Monday: Modern HPC Architecture and Systems
Tuesday: SMP Parallel Programming with OpenMP
Wednesday: MPP/Cluster Distributed Programming with MPI
Thursday: Towards the Petaflops Era with Multicore and Accelerators
Friday: Advanced Research Directions in HPC towards Exascale Computing

With the availability of an additional Teaching Assistant, hands-on
recitations will be provided to give the participant direct experience
with the fundamental tools and methods used in high performance
computing applications.

Profesor:

Thomas Sterling, Louisiana State University, USA.

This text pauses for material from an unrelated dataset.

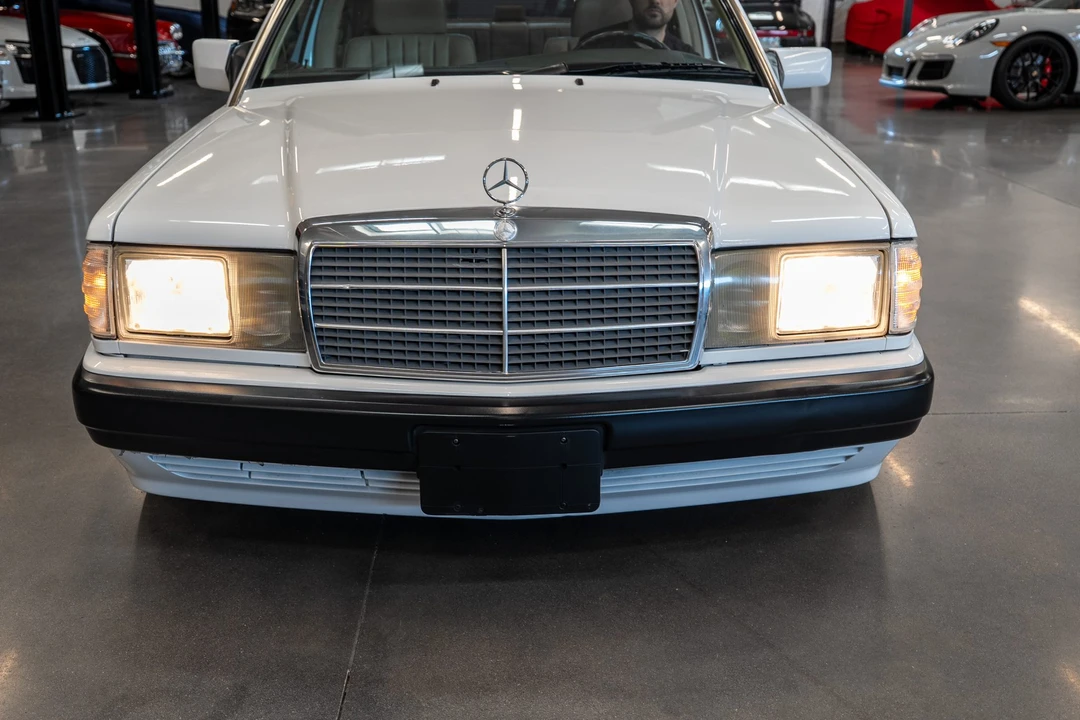 1992 Mercedes-Benz 190E - Image 28 of 31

Dr. Thomas Sterling holds a joint appointment as a Principal Scientist
at the NASA Jet Propulsion Laboratory and as a Faculty Associate at
Caltech's Center for Advanced Computing Research. Since receiving his
Ph.D from MIT as a Hertz Fellow in 1984, Dr. Sterling has pursued a
career of applied research in parallel computer architecture and high
performance computing at Harris Corp, the IDA Supercomputing Research
Center, and the NASA Goddard Space Flight Center and University of
Maryland, joining Caltech and JPL in 1996. Thomas Sterling is widely
recognized for his contributions to commodity cluster computing
through the Beowulf Project which he started in 1994 and is the
co-author of two books on clusters including "How to Build a Beowulf"
and "Beowulf Cluster Computing". Dr. Sterling was the PI of the HTMT
Project funded by a number of agencies to conduct the first
multidisciplinary multi-institutional in-depth study of future
Petaflops scale general purpose computers and is a co-author of a book
on "Enabling Technologies for Petaflops Computing." Currently he is
the PI of several projects that together are developing the MIND
architecture, an advanced PIM computing component sponsored by NASA,
Sandia National Laboratory, and DARPA.